Why aren't there any restaurants for women with scantily clad male waiters?

Why do the ladies who work in these restaurants so rarely look like they eat there?
And, Cindy, I suspect there are restaurants such as you want. Only women may not be the target audience.

Another triumph for the private sector!

Have they tried oiling their tits to test the Differential Allocation Hypothesis?

There used to be one of these near where I live - it went bust.

The old folks' home near my house had one of these. Unfortunately, the only way they were pointing the way to economic recovery is if economic recovery was on the floor.

That seems to be perking the economy up nicely.

there was a line outside that sort of restaurant here, because the place was full to overflowing....

NY Daily News seems to be milking it for all its worth.

Sorry.

[takes day off to work on "On Tap" jokes]

On the way to hospice, we plan on stopping off at one such establishment for an older relative. He really likes the wings.
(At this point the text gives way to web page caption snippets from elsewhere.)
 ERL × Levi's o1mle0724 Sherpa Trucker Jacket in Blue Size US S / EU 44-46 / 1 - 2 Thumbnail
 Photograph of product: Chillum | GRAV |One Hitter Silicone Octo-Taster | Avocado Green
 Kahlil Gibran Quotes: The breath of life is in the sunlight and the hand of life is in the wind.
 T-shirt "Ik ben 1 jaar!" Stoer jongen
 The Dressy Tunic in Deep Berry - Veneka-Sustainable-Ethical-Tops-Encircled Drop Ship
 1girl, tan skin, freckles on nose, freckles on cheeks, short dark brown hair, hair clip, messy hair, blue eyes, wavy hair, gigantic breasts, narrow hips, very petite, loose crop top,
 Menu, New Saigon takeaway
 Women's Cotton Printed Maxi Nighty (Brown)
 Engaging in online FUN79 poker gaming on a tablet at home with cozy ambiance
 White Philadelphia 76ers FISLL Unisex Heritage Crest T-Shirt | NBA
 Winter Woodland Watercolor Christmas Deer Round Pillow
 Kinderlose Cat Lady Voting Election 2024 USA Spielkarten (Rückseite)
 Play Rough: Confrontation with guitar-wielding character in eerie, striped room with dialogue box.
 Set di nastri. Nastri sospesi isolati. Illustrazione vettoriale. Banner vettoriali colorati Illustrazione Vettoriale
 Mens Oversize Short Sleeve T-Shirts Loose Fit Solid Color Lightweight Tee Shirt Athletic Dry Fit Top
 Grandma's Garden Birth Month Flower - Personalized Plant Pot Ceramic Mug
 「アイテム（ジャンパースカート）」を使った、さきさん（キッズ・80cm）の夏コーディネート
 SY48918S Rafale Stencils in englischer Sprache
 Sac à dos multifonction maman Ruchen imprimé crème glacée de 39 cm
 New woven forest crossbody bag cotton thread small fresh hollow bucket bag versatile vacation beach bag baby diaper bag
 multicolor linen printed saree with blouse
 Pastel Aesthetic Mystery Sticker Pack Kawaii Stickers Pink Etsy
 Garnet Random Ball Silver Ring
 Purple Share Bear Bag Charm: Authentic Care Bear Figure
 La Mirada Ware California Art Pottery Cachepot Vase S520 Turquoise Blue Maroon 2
I was involved with a youth sports league a few years back. At year end we took a group of the 12 to 14 year old boys and girls, with most of the parents, to a state tournament. The first night the parents elected to eat as a group at one of these breastaraunts. I'm no prude but it seemed to me to be a bizzare move on the parents part. Some of the kids were clearly uncomfortable. I see these places as one step up from bars where the "girls" hustle you for drinks. Hmm, sorry for the lack of humor in my comments. Booger?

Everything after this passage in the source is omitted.